Em resposta a uma solicitação para comentário no comitê dos ribeirinhos e o processo de reocupação, Norte Energia disse que permanece em contato com os líderes da comunidade.

“Em um período de seis meses, a empresa relata ao IBAMA suas atividades na área socioambiental,” a empresa escreveu em uma declaração via e-mail. No entanto, Norte Energia não comentou especificamente sobre a reocupação ou sobre o comitê dos ribeirinhos.

Para os ribeirinhos, retornar ao seu antigo estilo de vida significa muitos desafios; como o rio foi danificado o número de peixes diminuiu.

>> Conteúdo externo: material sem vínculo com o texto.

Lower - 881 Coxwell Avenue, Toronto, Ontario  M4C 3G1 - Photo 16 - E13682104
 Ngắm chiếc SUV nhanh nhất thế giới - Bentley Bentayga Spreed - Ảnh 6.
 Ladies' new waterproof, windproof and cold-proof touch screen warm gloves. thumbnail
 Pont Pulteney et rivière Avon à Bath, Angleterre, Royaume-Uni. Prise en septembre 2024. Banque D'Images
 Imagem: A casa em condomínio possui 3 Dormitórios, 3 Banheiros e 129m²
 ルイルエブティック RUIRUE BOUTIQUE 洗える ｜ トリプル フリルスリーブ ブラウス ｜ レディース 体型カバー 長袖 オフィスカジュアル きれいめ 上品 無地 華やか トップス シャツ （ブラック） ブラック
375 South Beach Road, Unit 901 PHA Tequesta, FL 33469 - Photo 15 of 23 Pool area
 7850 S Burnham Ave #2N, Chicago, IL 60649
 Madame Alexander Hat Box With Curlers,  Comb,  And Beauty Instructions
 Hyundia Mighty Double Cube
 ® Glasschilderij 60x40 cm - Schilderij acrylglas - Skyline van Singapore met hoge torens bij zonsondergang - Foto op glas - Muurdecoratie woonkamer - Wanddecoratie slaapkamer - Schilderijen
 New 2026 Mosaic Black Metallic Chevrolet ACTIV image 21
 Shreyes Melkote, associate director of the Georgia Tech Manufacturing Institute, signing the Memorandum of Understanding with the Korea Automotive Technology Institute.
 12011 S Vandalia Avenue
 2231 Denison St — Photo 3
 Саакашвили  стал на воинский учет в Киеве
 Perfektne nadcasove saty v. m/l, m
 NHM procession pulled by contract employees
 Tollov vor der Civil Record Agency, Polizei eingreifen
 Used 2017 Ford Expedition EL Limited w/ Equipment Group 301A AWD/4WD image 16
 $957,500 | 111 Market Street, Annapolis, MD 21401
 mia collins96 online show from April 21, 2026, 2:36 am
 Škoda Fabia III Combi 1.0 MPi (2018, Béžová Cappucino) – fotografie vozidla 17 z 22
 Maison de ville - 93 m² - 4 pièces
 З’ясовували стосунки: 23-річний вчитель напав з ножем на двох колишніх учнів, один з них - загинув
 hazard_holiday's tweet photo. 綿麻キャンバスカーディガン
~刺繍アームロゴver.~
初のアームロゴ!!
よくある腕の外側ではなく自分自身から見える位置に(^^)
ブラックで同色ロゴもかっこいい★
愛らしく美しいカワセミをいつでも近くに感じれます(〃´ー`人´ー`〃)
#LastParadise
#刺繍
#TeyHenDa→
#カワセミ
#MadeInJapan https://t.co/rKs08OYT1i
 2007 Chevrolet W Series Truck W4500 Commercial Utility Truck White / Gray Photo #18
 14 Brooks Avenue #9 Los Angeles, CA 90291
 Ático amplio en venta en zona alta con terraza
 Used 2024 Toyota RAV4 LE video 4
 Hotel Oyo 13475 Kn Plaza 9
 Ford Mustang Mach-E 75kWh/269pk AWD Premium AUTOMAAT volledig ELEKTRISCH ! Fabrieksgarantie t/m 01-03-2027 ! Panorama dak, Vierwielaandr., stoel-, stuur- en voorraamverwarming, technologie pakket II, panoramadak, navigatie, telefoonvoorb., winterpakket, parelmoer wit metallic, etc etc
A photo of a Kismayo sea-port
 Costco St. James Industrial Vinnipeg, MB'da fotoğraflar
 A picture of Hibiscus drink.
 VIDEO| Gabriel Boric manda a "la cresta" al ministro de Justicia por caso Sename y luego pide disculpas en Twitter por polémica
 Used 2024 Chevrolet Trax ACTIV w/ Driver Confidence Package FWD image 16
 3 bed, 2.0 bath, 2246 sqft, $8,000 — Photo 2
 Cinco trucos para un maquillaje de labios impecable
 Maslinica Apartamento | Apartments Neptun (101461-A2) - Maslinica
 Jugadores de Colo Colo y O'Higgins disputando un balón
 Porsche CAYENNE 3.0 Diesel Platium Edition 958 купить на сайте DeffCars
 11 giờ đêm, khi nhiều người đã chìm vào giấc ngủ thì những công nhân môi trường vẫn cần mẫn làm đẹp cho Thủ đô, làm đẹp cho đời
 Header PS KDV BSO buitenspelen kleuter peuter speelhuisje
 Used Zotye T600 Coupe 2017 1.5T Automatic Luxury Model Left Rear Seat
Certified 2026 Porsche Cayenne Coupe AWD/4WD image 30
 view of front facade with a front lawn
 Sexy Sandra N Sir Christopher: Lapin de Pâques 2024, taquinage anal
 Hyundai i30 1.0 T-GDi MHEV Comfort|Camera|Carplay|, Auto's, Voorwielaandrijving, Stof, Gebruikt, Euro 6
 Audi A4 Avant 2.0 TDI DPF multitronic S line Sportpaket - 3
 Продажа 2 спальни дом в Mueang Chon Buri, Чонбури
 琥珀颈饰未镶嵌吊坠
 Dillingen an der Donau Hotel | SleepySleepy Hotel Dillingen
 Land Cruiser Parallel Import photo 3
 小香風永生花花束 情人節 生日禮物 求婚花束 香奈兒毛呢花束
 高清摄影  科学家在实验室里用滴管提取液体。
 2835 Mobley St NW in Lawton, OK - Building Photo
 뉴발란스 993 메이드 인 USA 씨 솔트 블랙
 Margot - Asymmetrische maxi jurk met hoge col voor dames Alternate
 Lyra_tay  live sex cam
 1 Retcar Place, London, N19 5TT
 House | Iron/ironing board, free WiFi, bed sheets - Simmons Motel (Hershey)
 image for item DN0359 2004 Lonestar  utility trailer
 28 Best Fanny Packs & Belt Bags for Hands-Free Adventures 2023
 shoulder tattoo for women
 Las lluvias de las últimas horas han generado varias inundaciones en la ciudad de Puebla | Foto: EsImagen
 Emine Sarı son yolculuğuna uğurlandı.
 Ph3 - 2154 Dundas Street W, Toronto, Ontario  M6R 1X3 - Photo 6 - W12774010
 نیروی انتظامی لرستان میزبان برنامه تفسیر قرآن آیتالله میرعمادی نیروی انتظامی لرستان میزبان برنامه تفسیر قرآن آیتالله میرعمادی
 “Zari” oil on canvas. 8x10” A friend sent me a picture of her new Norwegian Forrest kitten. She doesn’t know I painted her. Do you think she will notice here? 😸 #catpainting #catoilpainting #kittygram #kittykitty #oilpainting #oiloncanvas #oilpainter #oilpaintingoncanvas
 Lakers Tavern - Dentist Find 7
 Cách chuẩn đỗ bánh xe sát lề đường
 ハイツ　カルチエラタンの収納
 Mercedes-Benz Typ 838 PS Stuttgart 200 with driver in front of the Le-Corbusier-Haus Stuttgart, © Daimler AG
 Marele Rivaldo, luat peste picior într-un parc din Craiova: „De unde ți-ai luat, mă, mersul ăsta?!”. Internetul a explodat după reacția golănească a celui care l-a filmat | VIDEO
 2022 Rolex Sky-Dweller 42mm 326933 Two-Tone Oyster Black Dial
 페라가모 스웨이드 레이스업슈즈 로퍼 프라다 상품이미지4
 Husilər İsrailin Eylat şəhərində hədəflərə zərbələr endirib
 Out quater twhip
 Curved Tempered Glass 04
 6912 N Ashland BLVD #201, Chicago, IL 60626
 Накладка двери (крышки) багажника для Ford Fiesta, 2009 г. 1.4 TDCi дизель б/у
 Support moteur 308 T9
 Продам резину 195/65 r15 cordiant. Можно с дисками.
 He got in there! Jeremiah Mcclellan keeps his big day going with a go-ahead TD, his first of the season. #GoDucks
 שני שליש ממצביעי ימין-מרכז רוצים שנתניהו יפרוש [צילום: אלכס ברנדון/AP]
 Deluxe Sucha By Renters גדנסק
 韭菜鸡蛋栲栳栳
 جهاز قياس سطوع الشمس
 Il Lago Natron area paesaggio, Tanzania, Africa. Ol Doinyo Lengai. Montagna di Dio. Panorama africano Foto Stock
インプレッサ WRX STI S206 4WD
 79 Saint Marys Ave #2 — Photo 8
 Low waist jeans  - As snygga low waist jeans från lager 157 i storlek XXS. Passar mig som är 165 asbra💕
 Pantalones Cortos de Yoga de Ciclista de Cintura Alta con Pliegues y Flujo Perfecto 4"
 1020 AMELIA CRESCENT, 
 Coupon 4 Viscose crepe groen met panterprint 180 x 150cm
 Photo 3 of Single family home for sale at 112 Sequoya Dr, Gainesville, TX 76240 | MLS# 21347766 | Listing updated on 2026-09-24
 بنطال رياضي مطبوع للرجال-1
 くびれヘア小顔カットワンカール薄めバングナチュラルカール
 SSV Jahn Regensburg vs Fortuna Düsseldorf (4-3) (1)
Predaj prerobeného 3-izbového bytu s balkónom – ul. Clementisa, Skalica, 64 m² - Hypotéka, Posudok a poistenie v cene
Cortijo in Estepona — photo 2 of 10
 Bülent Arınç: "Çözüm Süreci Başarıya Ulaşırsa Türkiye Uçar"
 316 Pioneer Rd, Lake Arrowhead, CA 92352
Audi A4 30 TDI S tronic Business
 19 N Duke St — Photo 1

“Isso levará anos, muitos anos,” disse a representante do ISA, de Francisco. “Levará ao menos cinco anos para que o número de peixes volte… os peixes voltarão para o lago, um ambiente totalmente novo. Então, eles terão que se adaptar. A questão de como os novos moradores vão se dividir pela área, como eles se relacionarão como vizinhos novamente e como produzirão é uma boa pergunta.”

Impactos da Hidrelétrica

A energia hidrelétrica faz parte de em torno de 80% da produção de energia do Brasil, de acordo com a International Energy Agency. Embora é geralmente promovida como uma solução ecológica quando se trata de energia, a comunidade científica enxerga isso como uma maneira prejudicial, tanto social e quanto ambiental de gerar energia. Isso pode ter um impacto notável em habitats naturais, no uso do solo e em moradias na área próxima ao reservatório. Apesar do número de desabrigados pelos descuidos da Belo Monte em comparação com a hidrelétrica Three Gorges, a maior do mundo – a qual desabrigou mais de 1.2 milhão de pessoas – teve um impacto devastador no ecossistema local desta remota região selvagem em que muitas pessoas dependiam disso.

A construção da hidrelétrica chegou a uma situação em que a alteração de padrões parece estar afetando o sustento de pessoas na região. Ribeirinhos relataram temporadas mais quentes e secas, o que afeta a população de peixes no rio em que pescam.

Brazil's hydropower accounts for about 80 percent of its energy production. Source: U.S. Energy Information Administration, International Energy Outlook 2016
A hidrelétrica do Brasil representa em torno de 80% da produção de energia. Fonte: U.S. Energy Information Administration, International Energy Outlook 2016

Pesquisas cientificas recentes sobre o rio Xingu indica a mudança climática como uma causa possível. O biólogo especialista no Brasil, Cristian Costa Carneira, confirmou as alterações em uma entrevista atual. Carneira, que estuda sobre a fauna aquática, faz parte de um estudo em andamento, sob a tutela da Universidade Federal do Pará, que mede os efeitos da mudança climática provocada pelo homem nas localidades do rio Xingu no Pará.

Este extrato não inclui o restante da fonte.